• _EXERCISE DIRECTIONS_
The records that follow should be returned exactly, pictures excluded.

• _Stored data_
--------------------------------------------------
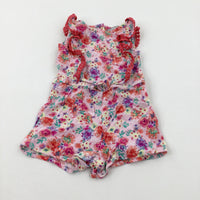 Flowers Pink Playsuit - Girls 6-9 Months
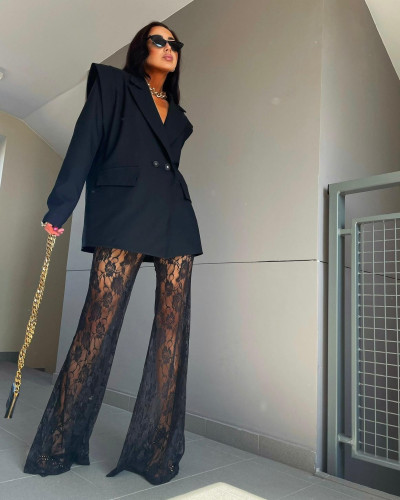 Spodnie koronkowe Nela La Milla czarne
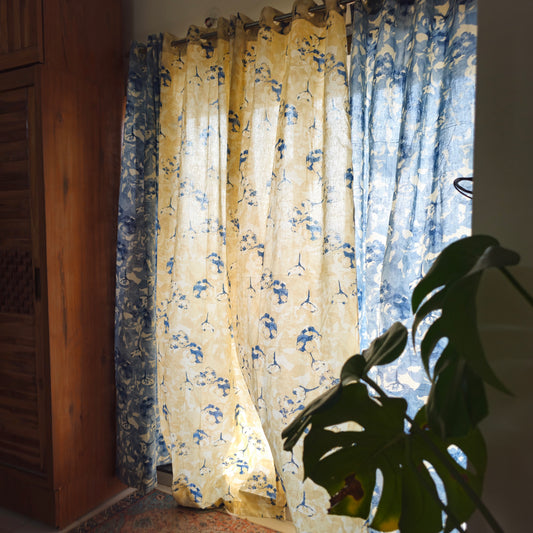 Indigo & White Abstract Cotton Curtain – Lightweight, Flowy & Elegant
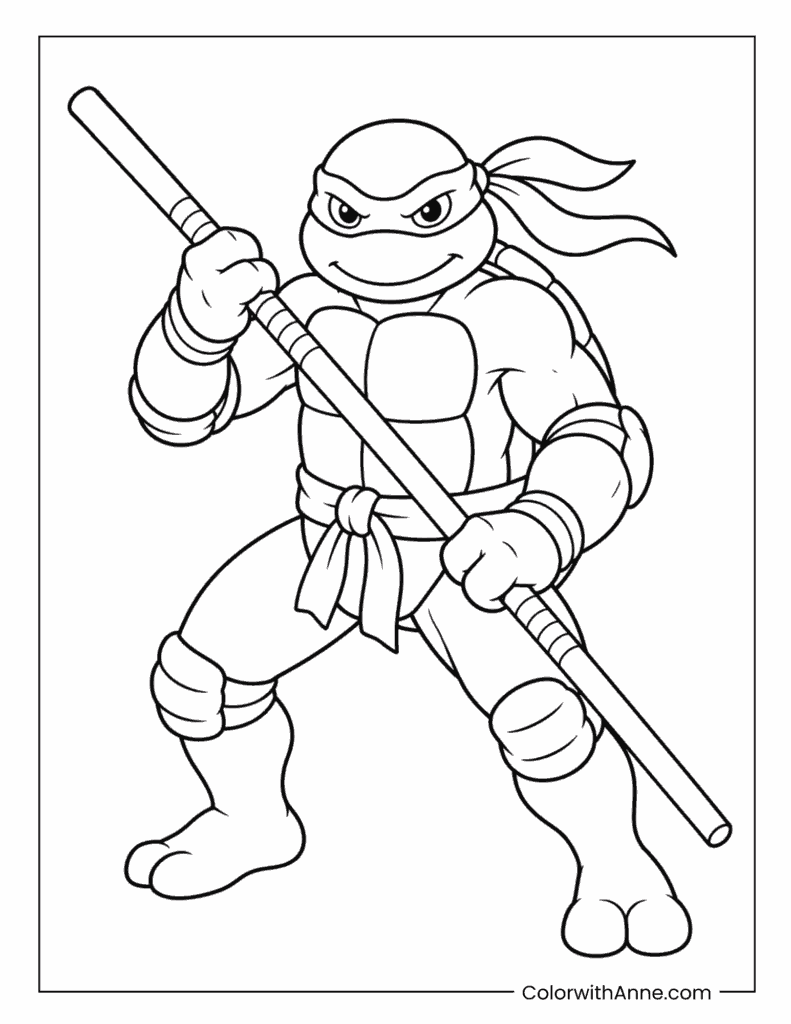 Simple Donatello’s Bo Staff Warrior Coloring Page for Kids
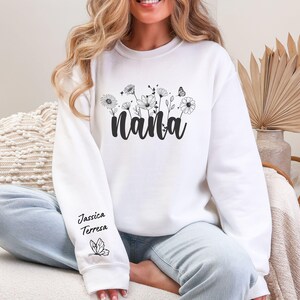 Custom Floral Nana Sweatshirt, Floral Nana Sweater with Kid Name, Custom Grandma Sweater ,Floral Nana Hoodie, Mothers Day Gift For Grandma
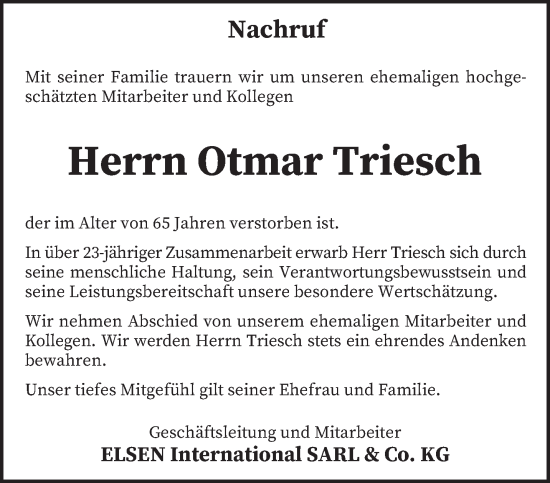 Traueranzeige von Otmar Triesch von trierischer_volksfreund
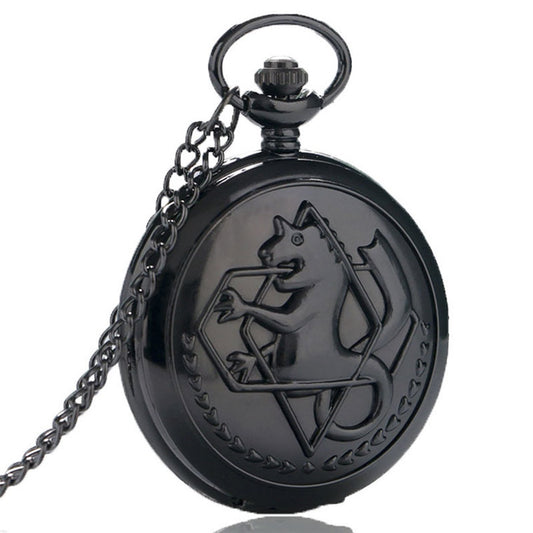 Fullmetal Alchemist Unisex Quartz Pocket Watch Necklace - On 32" Inch / 80cm Chain ##black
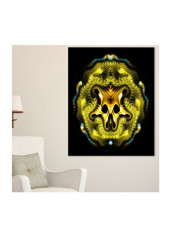Large Gold Fractal Heart Canvas Wall Art Multicolour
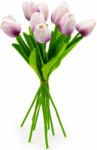  10 szálas tulipán csokor művirág - lilás árnyalatok (110624)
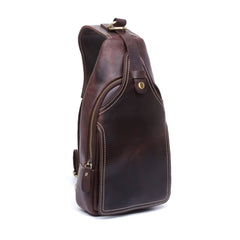 Handmade Leather Mens Cool Chest Bag Sling Bag Crossbody Bag Travel Bag Hiking Bag for men - imessengerbags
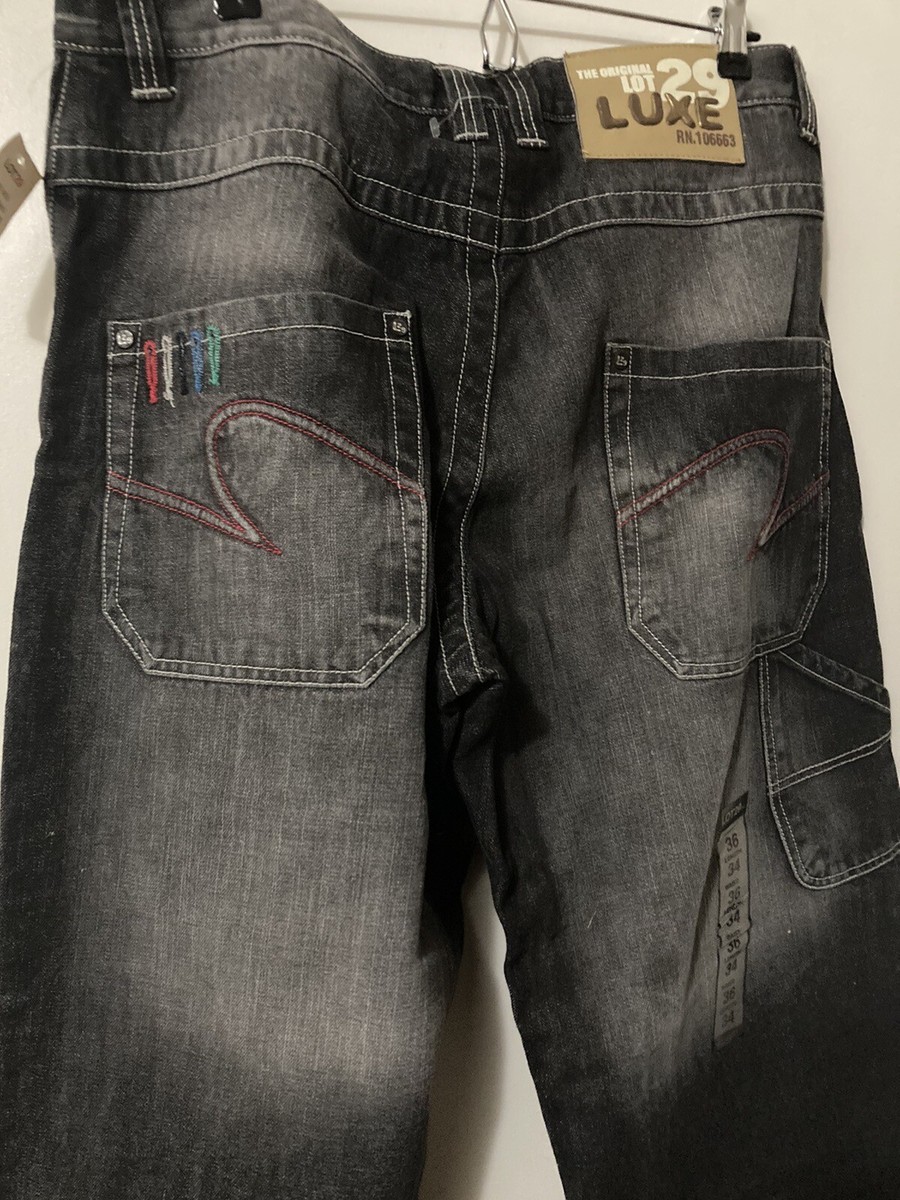 ☆送料・関税込☆WOOALONG★Signature daily tuck half pants★ Vintage Lot 29 Jeans Mens “36x34 Baggy y2k Hip-Hop | eBay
--------------------------------------------------
• _SOLUTION FOR THIS PROBLEM_
 Flowers Pink Playsuit - Girls 6-9 Months
 Spodnie koronkowe Nela La Milla czarne
 Indigo & White Abstract Cotton Curtain – Lightweight, Flowy & Elegant
 Simple Donatello’s Bo Staff Warrior Coloring Page for Kids
 Custom Floral Nana Sweatshirt, Floral Nana Sweater with Kid Name, Custom Grandma Sweater ,Floral Nana Hoodie, Mothers Day Gift For Grandma
 Traueranzeige von Otmar Triesch von trierischer_volksfreund
 Fullmetal Alchemist Unisex Quartz Pocket Watch Necklace - On 32" Inch / 80cm Chain ##black
Large Gold Fractal Heart Canvas Wall Art Multicolour
  10 szálas tulipán csokor művirág - lilás árnyalatok (110624)
 Handmade Leather Mens Cool Chest Bag Sling Bag Crossbody Bag Travel Bag Hiking Bag for men - imessengerbags
 ☆送料・関税込☆WOOALONG★Signature daily tuck half pants★ Vintage Lot 29 Jeans Mens “36x34 Baggy y2k Hip-Hop | eBay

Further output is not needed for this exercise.